JUDGMENT OF TAYLOR J.
Taylor J. The plaintiffs, the Northern Engineering Co., Ltd. claim against the defendant, Mr. C. K. A. Djokotoe, the sum of ¢5,306.80 being the amount which the defendant is alleged to have caused to be paid to one Cletus K. Amoah from the plaintiffs’ funds without the lawful authority of the plaintiffs. The writ of summons was specially endorsed and so proceeding under the provisions of Order 14 of the High Court (Civil Procedure) Rules, 1954 (L.N. 140A), the plaintiffs have moved the court for liberty to enter judgment against the defendant for the claim so endorsed on the said writ of summons.
On the hearing of the application, counsel for the defendant has raised a preliminary objection to the locus standi of Mr. A. A. Luguterah, the counsel for the plaintiffs in these proceedings, to act as solicitor or counsel for the said plaintiffs (hereinafter referred to as N.E.C. where appropriate). He has pointed out that Mr. A. A. Luguterah is the acting managing director of the N.E.C. He has also drawn attention to a fact conceded by Mr. A. A. Luguterah that he, Mr. Luguterah, is a practising lawyer. On the basis of these facts he argues that by the provisions of rule 1 (2) (a) of the Legal Profession (Professional Conduct and Etiquette) Rules, 1969 (L.I. 613), Mr. Luguterah is not entitled to act as solicitor or counsel in this case.

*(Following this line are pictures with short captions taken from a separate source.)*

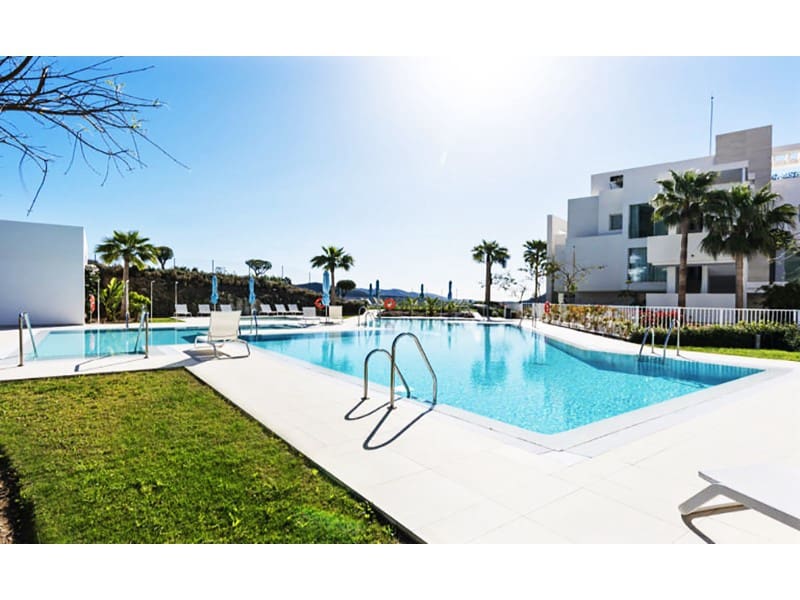 Apartment for sale in Ojen with pool garage - € 640,000 (Ref: 8655033)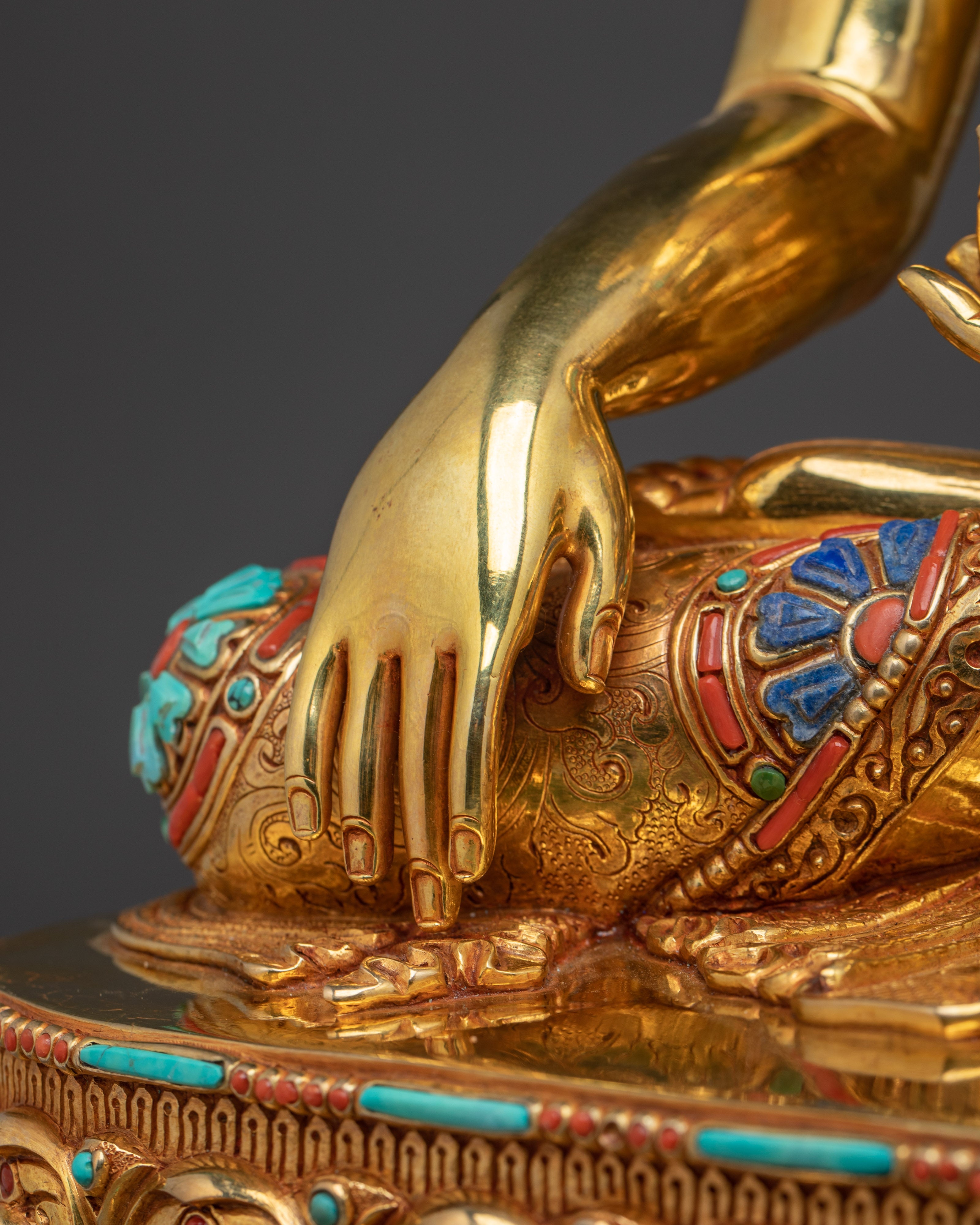 Religious Statue of Shakyamuni Buddha | Historical Buddha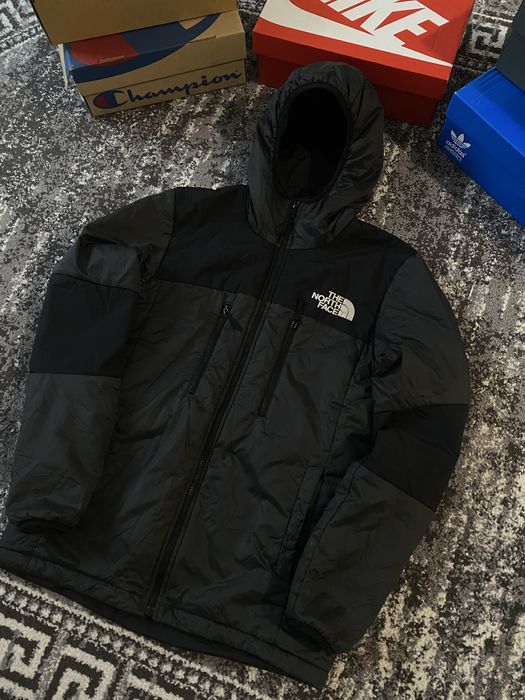 Куртка пуховик The North Face М розмір чорного кольор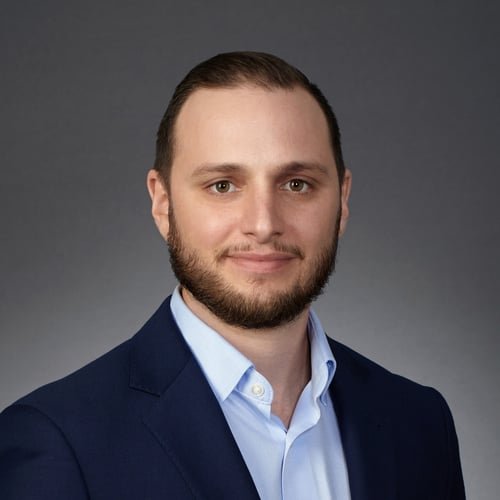 Farmers Insurance - Sebastian Cacho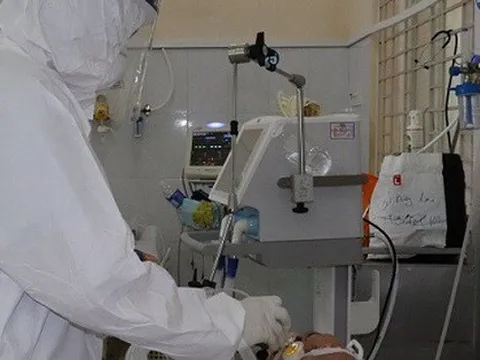 Thầy thuốc công lập đồng loạt xin nghỉ việc, nguyên nhân do đâu?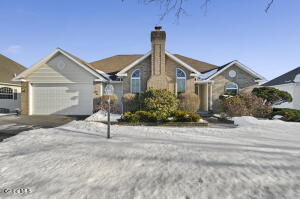 28 Dogwood Lane Loudonville, NY 12211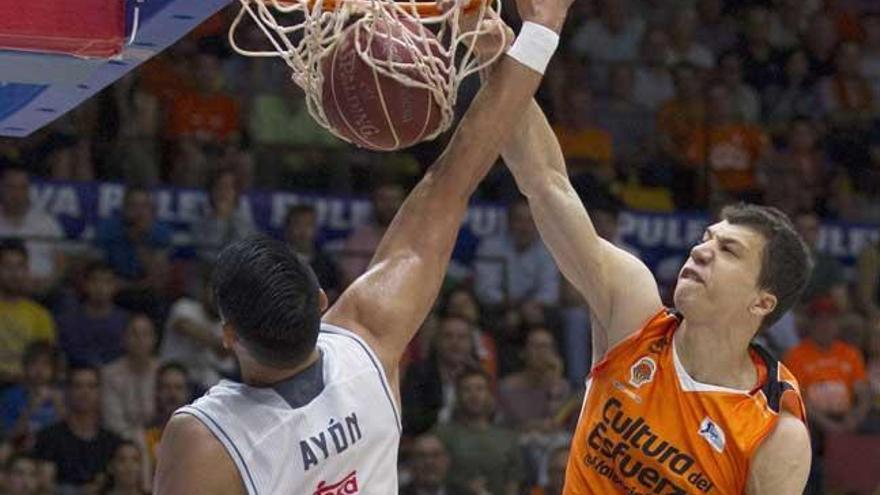 Un Valencia épico fuerza el cuarto partido ante el Madrid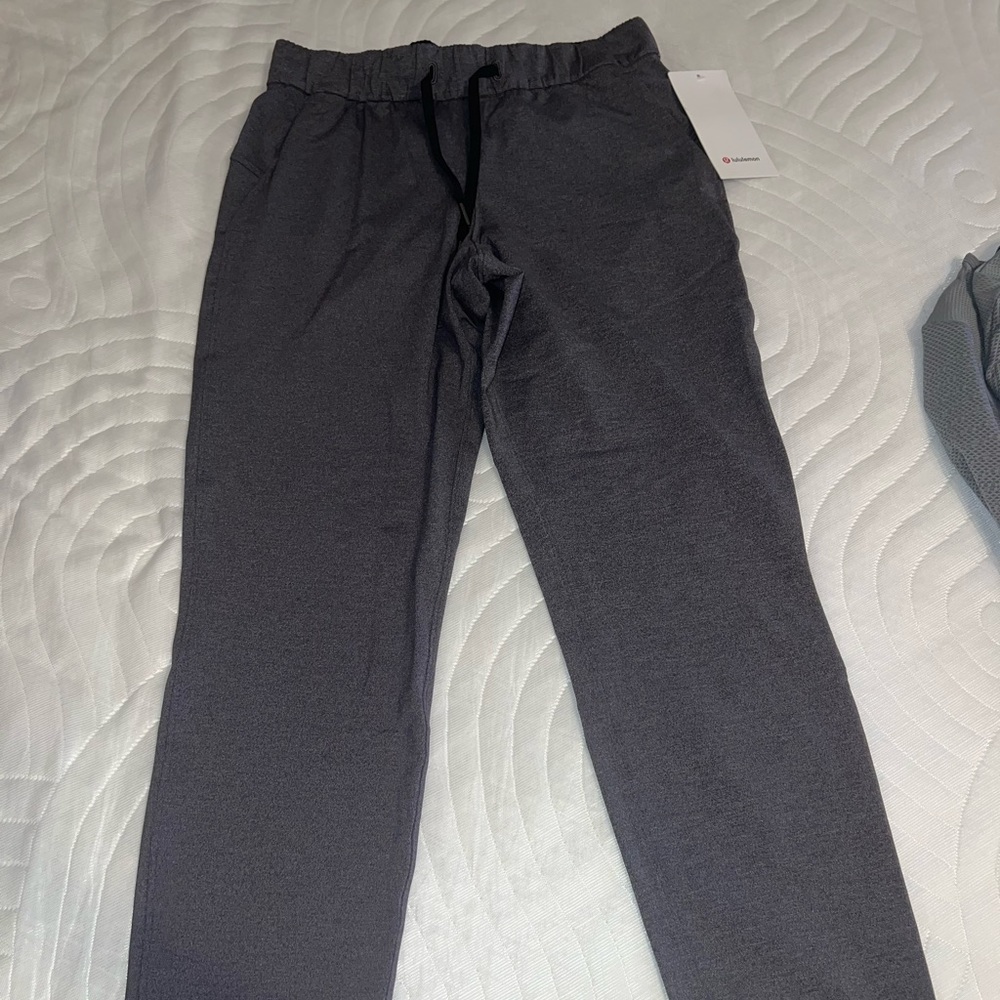 Lululemon On the fly pants 7/8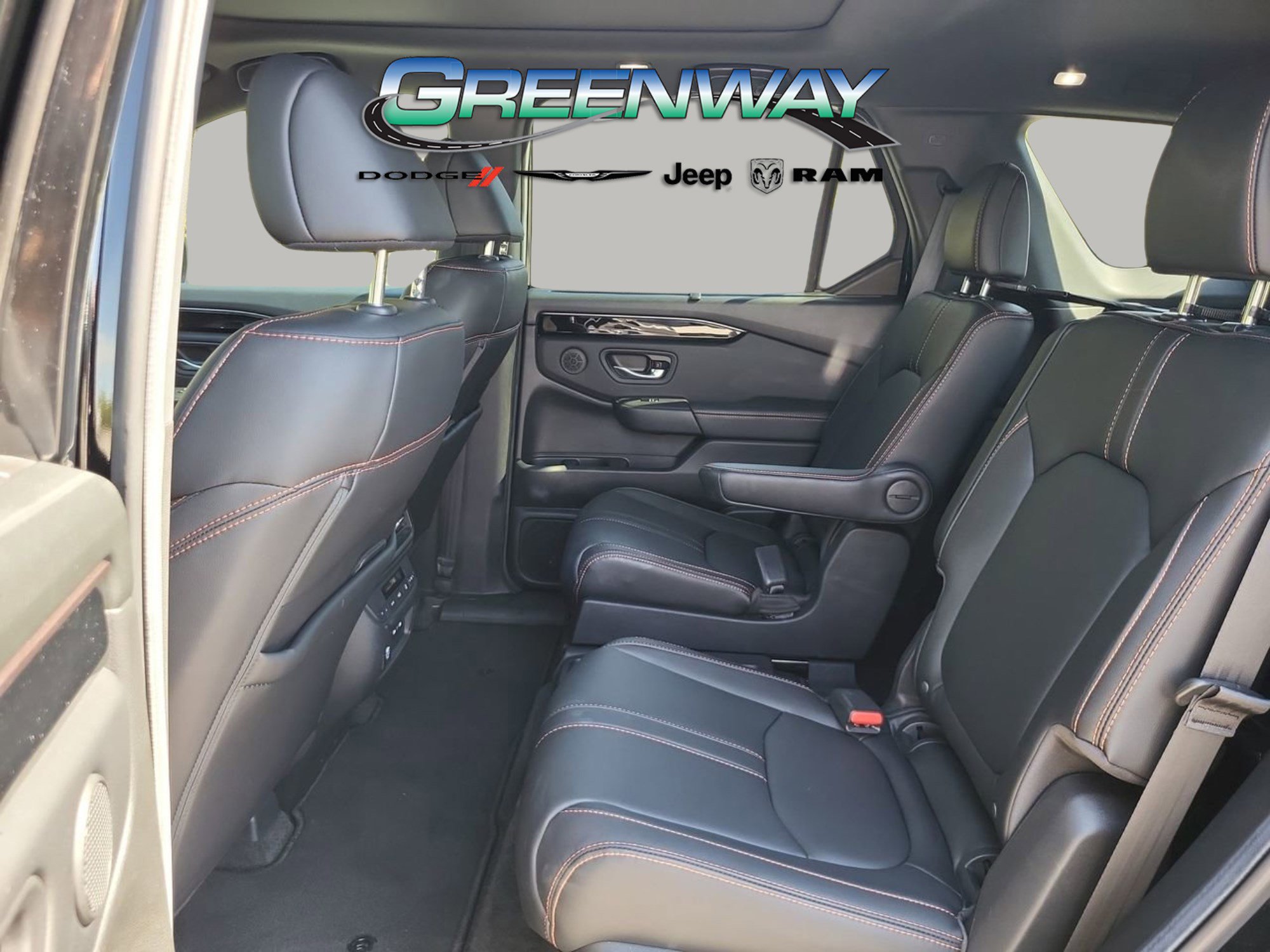 Used 2024 Honda Pilot TrailSport image 17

The relevant provisions of the rules are:
“1. (1) A lawyer in practice is—
(a) a lawyer who is entitled to practise and who holds himself out as ready to do so, or is employed in a whole-time occupation where he performs legal duties; or
(b) a lawyer whose regular occupation is that of editor or reporter of any series of Law Reports entirely written and edited by lawyers for use by the legal profession.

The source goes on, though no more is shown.